Ideas worth investigating (all in the STM32 firmware, specifically the
magnitude-to-dB conversion code):

  1. Floor saturation. A max(computed_dB, -50.0) clamp somewhere, intended for
    display sanity, that's eating real information.
  2. Wrong reference. If 0 dB is referenced to something other than 16-bit full
    scale (maybe 8-bit got in there, or a higher-bit fixed-point value is coming along),
    the displayed dB values could be saturating against the formatter's print width or
    against an unintended floor.
  3. Coarse log lookup. A small fixed-point lookup table that quantizes log₁₀ to a
    handful of bins, with this magnitude range happening to all land in the -50 dB bin.
  4. Bit-stripping. If the conversion operates on only the top byte of a 16-bit
    magnitude, magnitudes below 256 LSBs would all map to the same bin (or to the
    noise-floor case). Happened over on pluto_msk and C++ modem.

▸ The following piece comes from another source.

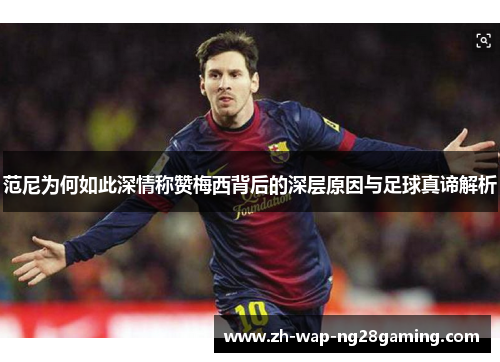 范尼为何如此深情称赞梅西背后的深层原因与足球真谛解析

Investigation: Print the raw magnitude and the computed dB.
Maybe actually look harder at the conversion code, single-step
a few values, and identify which of the four patterns matches.
If not, then try to derive the pattern from the spew.

This is not a blocker for the current bring-up but it is a blocker for any meaningful
work where SNR is important. SIC validation in particular will require measuring
"residual" interferer power after cancellation in dB, so this needs to
be metrically correct before weak-signal work begins for realsies.

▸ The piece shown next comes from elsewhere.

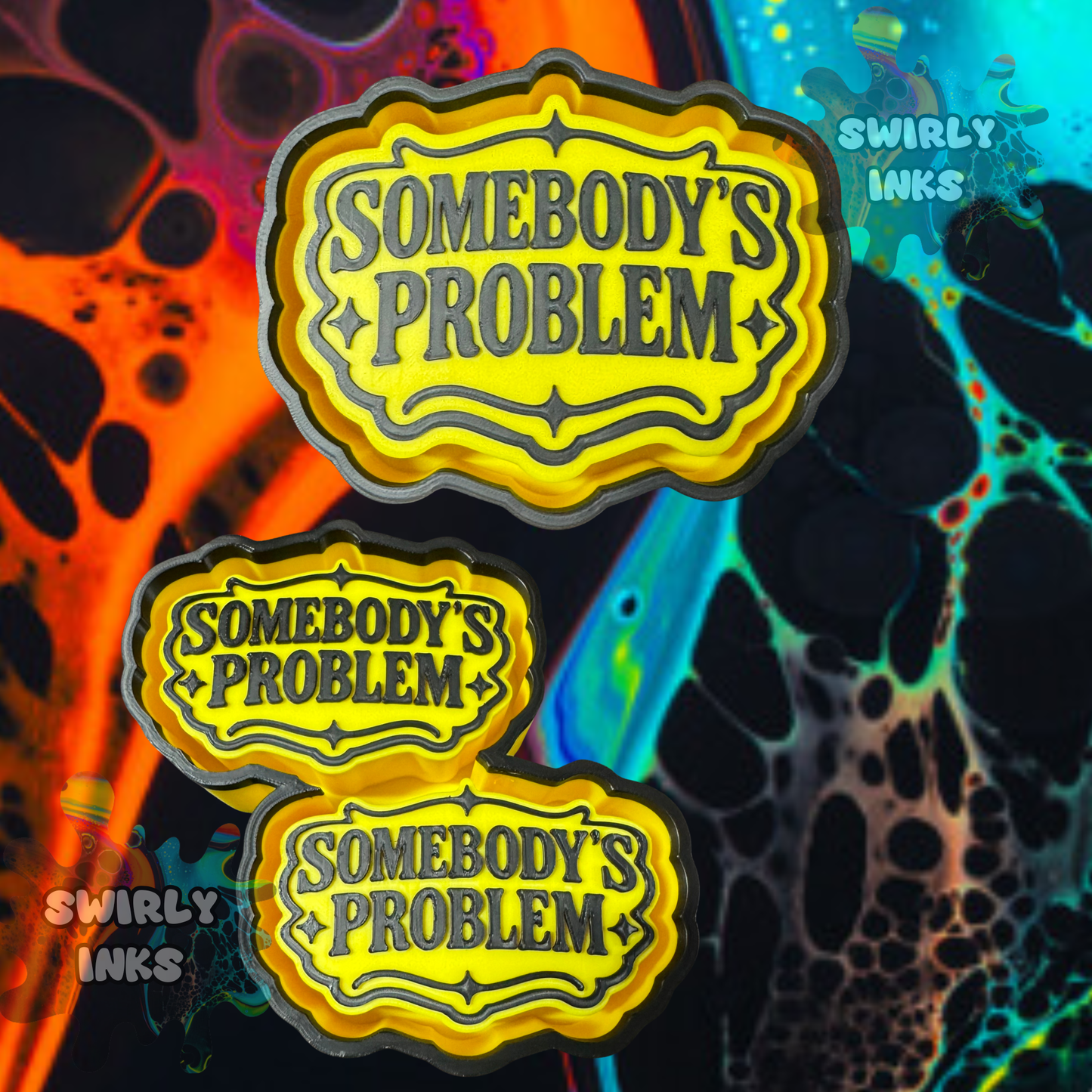 Somebody's Problem Set Freshie Mold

Finding 2: Conjugate symmetry in the output indicates a real-valued input. I didn't actually finish the complex value work.

The 4-channel output shows a structural pattern that's worth being explicit about,
because it has implications for the architecture going forward:

Frame CH1 (I, Q) CH3 (I, Q)
1 (-34, -34) (-34, 33)
2 (-115, -116) (-115, 115)
3 (57, 58) (57, -59)
4 (-24, -25) (-24, 24)

CH1 and CH3 have the same real part and opposite imaginary parts, within +/-1 LSB of
quantization. CH0 has zero imaginary part. CH2 is at the noise floor.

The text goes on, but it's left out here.